Integrating Patient-Reported Outcomes into Cancer Care

November 2013, Vol 4, No 9

San Diego, CA—The Patient-Reported Outcomes Measurement Information System (PROMIS) tool can inform clinical care delivery for patients with cancer, according to the initial results of a National Institutes of Health (NIH)-funded project.

The integration of the PROMIS tools into oncology clinical care has provided actionable information about cancer-related symptoms. The information is fed into patients’ electronic medical records (EMR) in real time to aid clinical care decision-making and delivery, reported Lynne I. Wagner, PhD, Associate Professor of Medical Social Sciences, Northwestern University, Chicago, IL, at the 2013 ASCO Quality Care Symposium.

“Clinical application of PROMIS computer adaptive tests has provided an assessment center platform for electronic patient-reported outcomes (ePRO) assessment,” said Dr Wagner.

“Integration with the patient’s electronic health record triggers ePRO assessment through a patient communication portal and populates the EMR with results of the assessment. When an assessment shows a patient has severe symptoms, clinicians receive notifications through their EMR in-basket. Integration also facilitates automatic triage for supportive oncology services,” she pointed out.

Patients with cancer often have a significant symptom burden that can interfere with treatment and adversely affect quality of life. However, clinical practices often face multiple barriers to obtaining meaningful symptom assessments, said Dr Wagner.
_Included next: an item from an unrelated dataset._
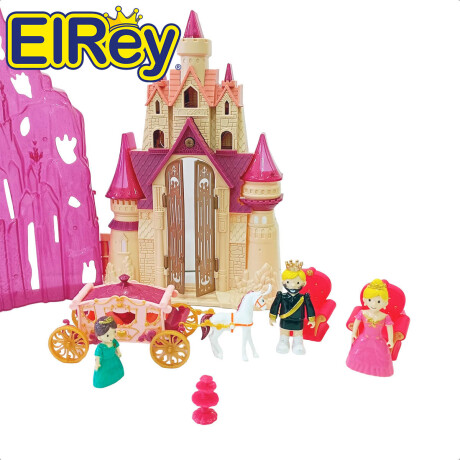 Castillo Juguete Infantil Muñecas Princesa Niñas Jug001108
The NIH has supported the development of the PROMIS network to improve the assessment of patient-reported outcomes and their integration into clinical management. By means of an online communication portal, patients can report their symptom status, which is automatically captured by the EMR.
If a patient has a score in the “severe” range for fatigue, pain, or physical functioning, a message is generated automatically and sent to the patient’s oncologist and to the nursing messaging system. The portal can be accessed by a home computer or tablet computer.

Dr Wagner described the implementation of the PROMIS system in the gynecologic oncology outpatient clinic. Patients receive e-mail notices 72 hours before scheduled visits with their doctors, and are asked to complete the online symptom assessment. Patients provide information related to 5 domains—pain, fatigue, physical function, depression, and anxiety.

If scores for depression or anxiety are in the severe range, messages are sent to the oncologists, nursing pool, and psychosocial services. Social work needs, informational needs, and nutrition status are also assessed. If patients’ responses reflect potential problems in any of the areas, messages are sent to the appropriate services.

The system can also link patients to an online health resource library, which contains cancer-related information, symptom management, and psychosocial resources, among others. Moreover, members of specific services can respond to concerns or informational needs expressed by patients, using the interface between the EMR and the assessment center.

Dr Wagner presented findings for the first 558 patients who completed an initial assessment. Approximately 75% of the patients were white (mean age, 56 years). The majority of cancer types included ovarian (37.1%), uterine (28.7%), and cervical (6.9%) cancers.

The majority of the assessment (87%) was done from home, showing that:

  • 1 patient had severe anxiety
  • 1 had depression
  • 11 had severe fatigue
  • 11 had significant pain
  • 22 had significant problems related to physical functioning.

In addition, 43% of the initial assessments triggered social work triage, 23% health education center triage, 16% sought information about advance directives, and 9% requested information about financial resources.

Preliminary analysis of follow-up assessments showed that the proportion of patients with psychosocial concerns declined to 20.6% on the second assessment, 13% on the third, and 8.2% on the fourth.